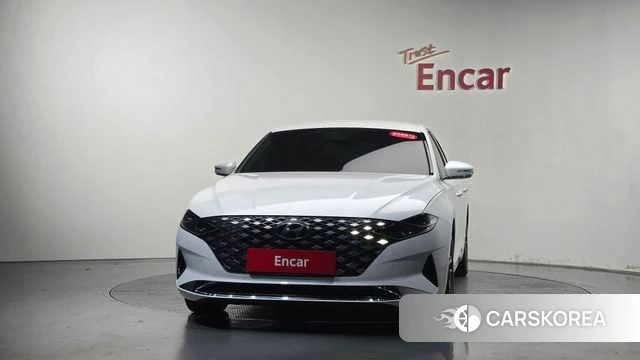 Hyundai The New Grandeur IG id 4872902 из Кореи 12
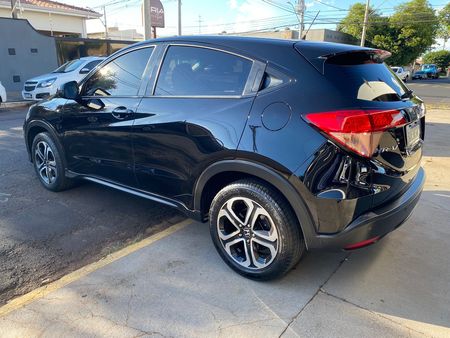 HR-V LX 1.8 I-VTEC FlexOne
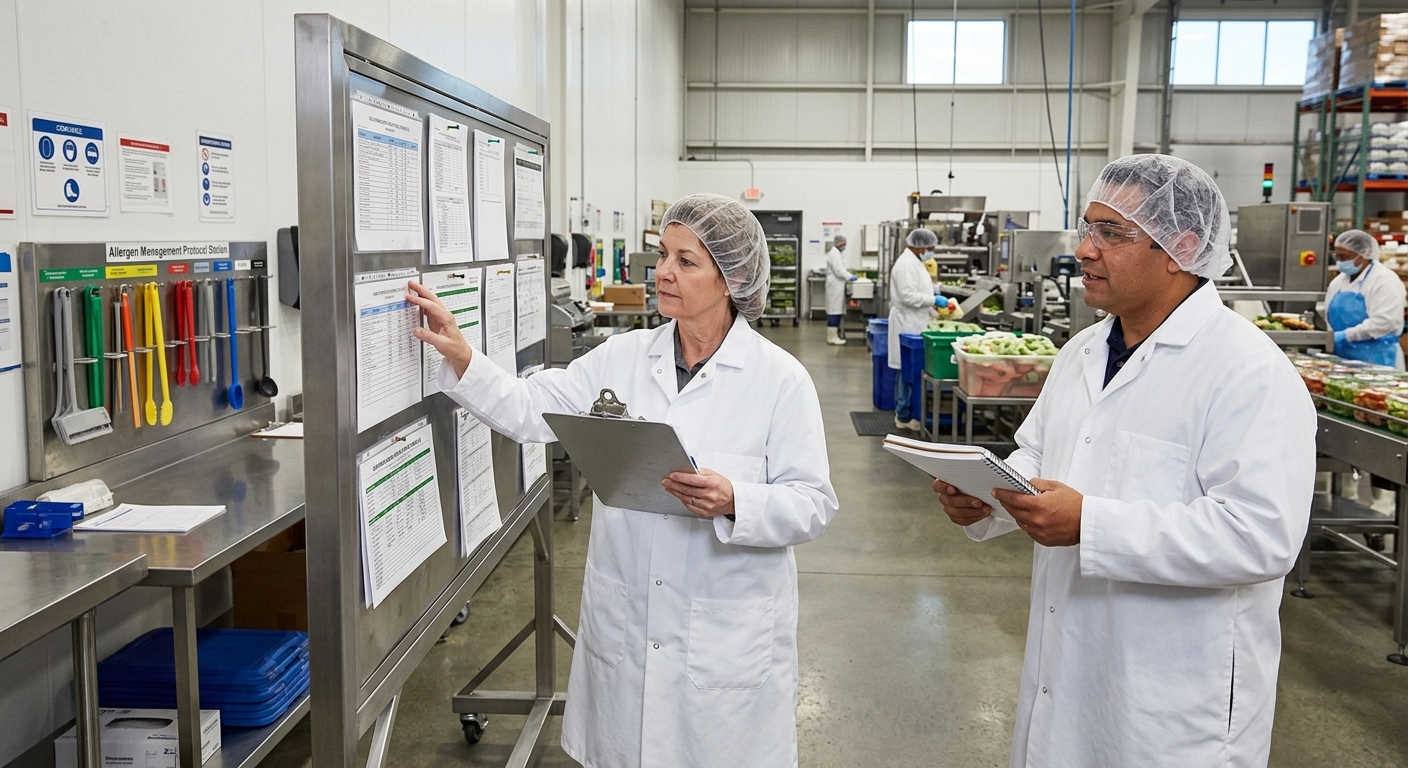 The Costco Food Safety Certification Brand 2026 Guide: How FBM Manages the SQF Audit, the Costco Addendum and the Unannounced Inspection Standard That Every Authorized Supplier Must Pass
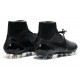 2014 Chaussure de Football Nike Magista Obra FG tout Noir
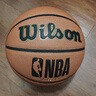 威尔胜比赛篮球耐磨PU标准7号球(贈4件套·订场券) 实拍图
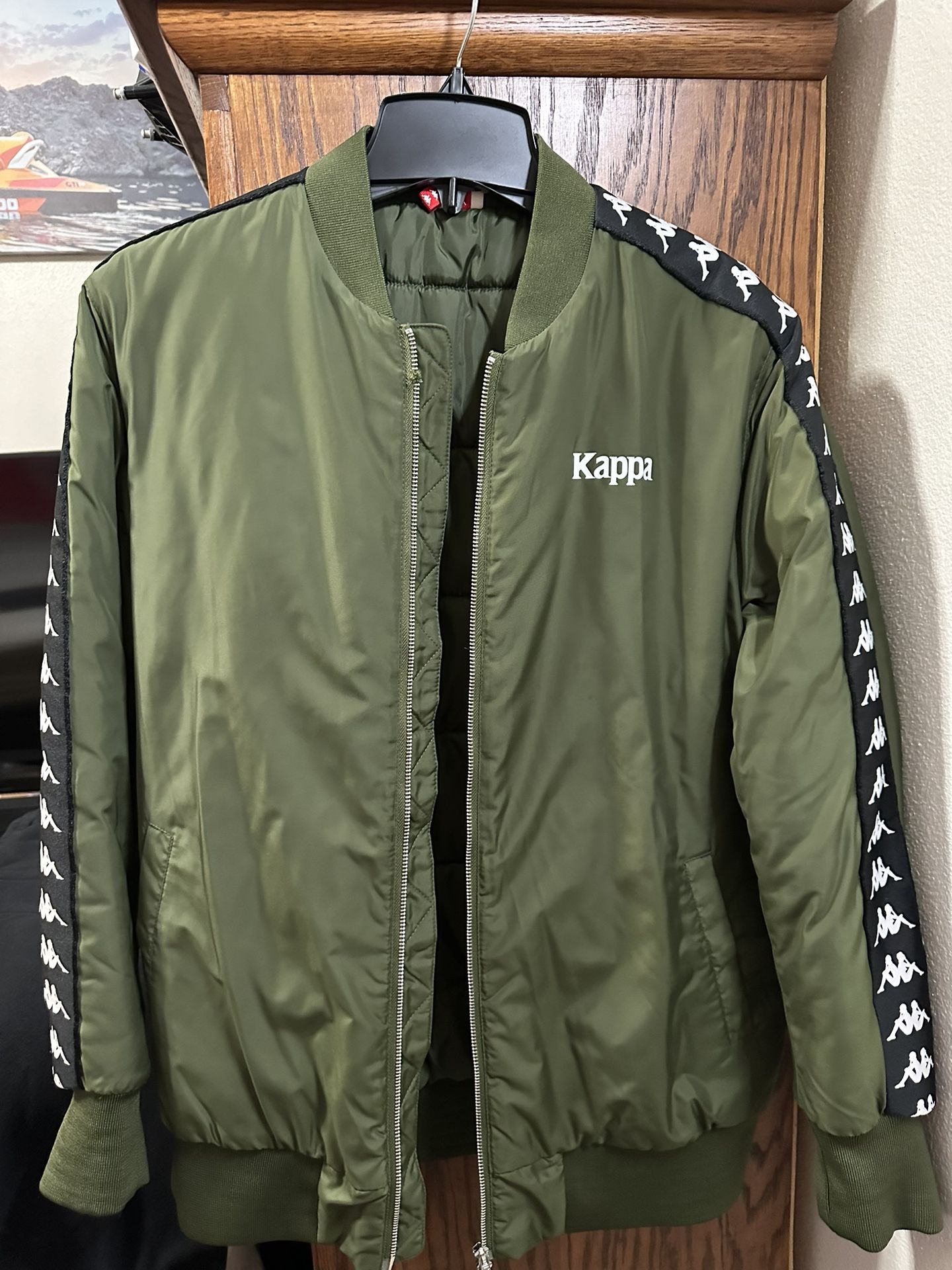 Kappa Bomber Jacket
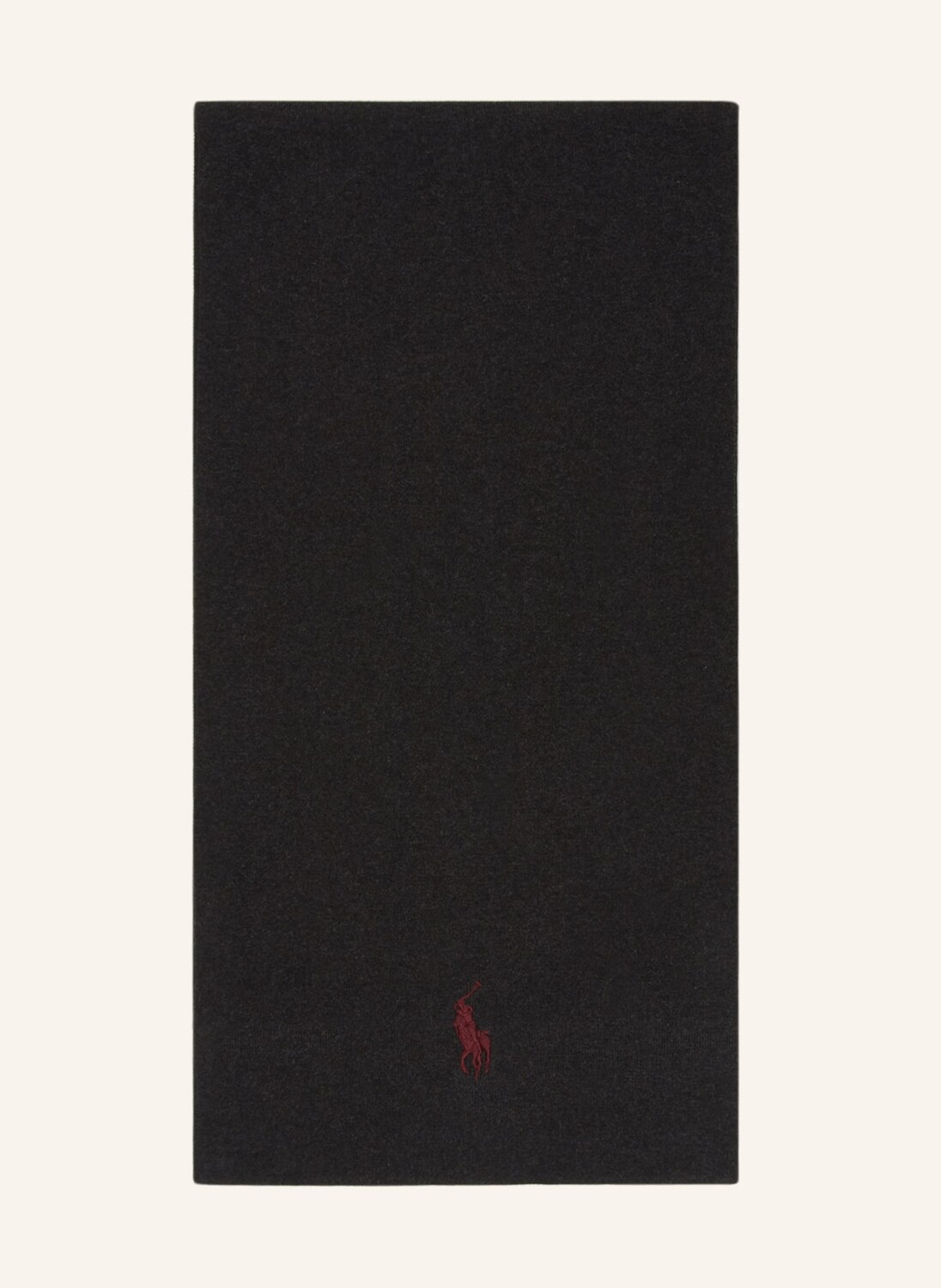 

Шарф POLO RALPH LAUREN, темно-серый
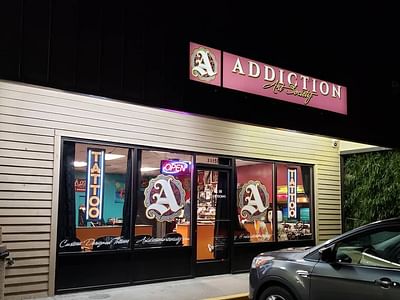 Addiction Art Society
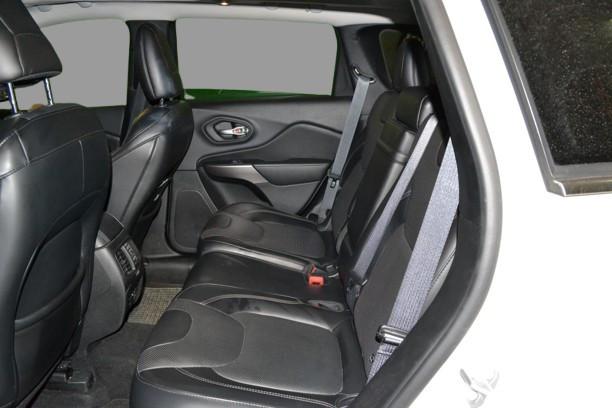 JEEP Cherokee OVERLAND 2.2 DS 4WD 9AT 195HP E6D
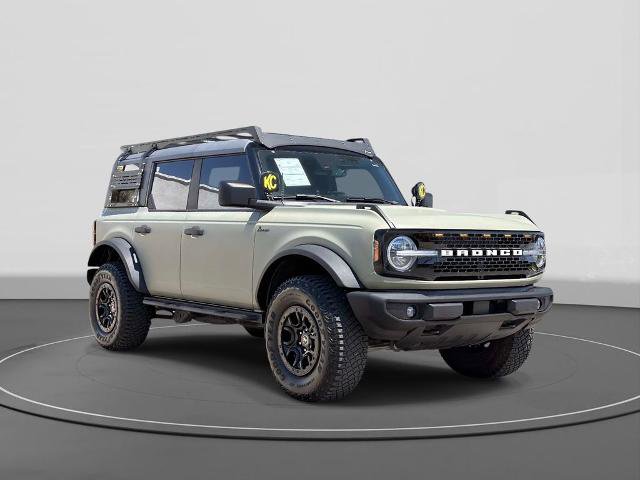 Certified 2022 Ford Bronco Wildtrak AWD/4WD image 4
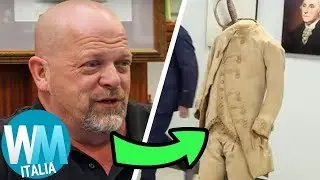 Top 10 SCOPERTE più ASSURDE di AFFARI DI FAMIGLIA!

* * *

▶ _Try it_
Leave out the pictures, and please output only the lines from the line that contains "HR-V LX 1.8 I-VTEC FlexOne" through the end of the data, both ends included.

▶ _Output of the exercise_
 HR-V LX 1.8 I-VTEC FlexOne
 The Costco Food Safety Certification Brand 2026 Guide: How FBM Manages the SQF Audit, the Costco Addendum and the Unannounced Inspection Standard That Every Authorized Supplier Must Pass
 2014 Chaussure de Football Nike Magista Obra FG tout Noir
 威尔胜比赛篮球耐磨PU标准7号球(贈4件套·订场券) 实拍图
 Kappa Bomber Jacket

Шарф POLO RALPH LAUREN, темно-серый
 Addiction Art Society
 JEEP Cherokee OVERLAND 2.2 DS 4WD 9AT 195HP E6D
 Certified 2022 Ford Bronco Wildtrak AWD/4WD image 4
 Top 10 SCOPERTE più ASSURDE di AFFARI DI FAMIGLIA!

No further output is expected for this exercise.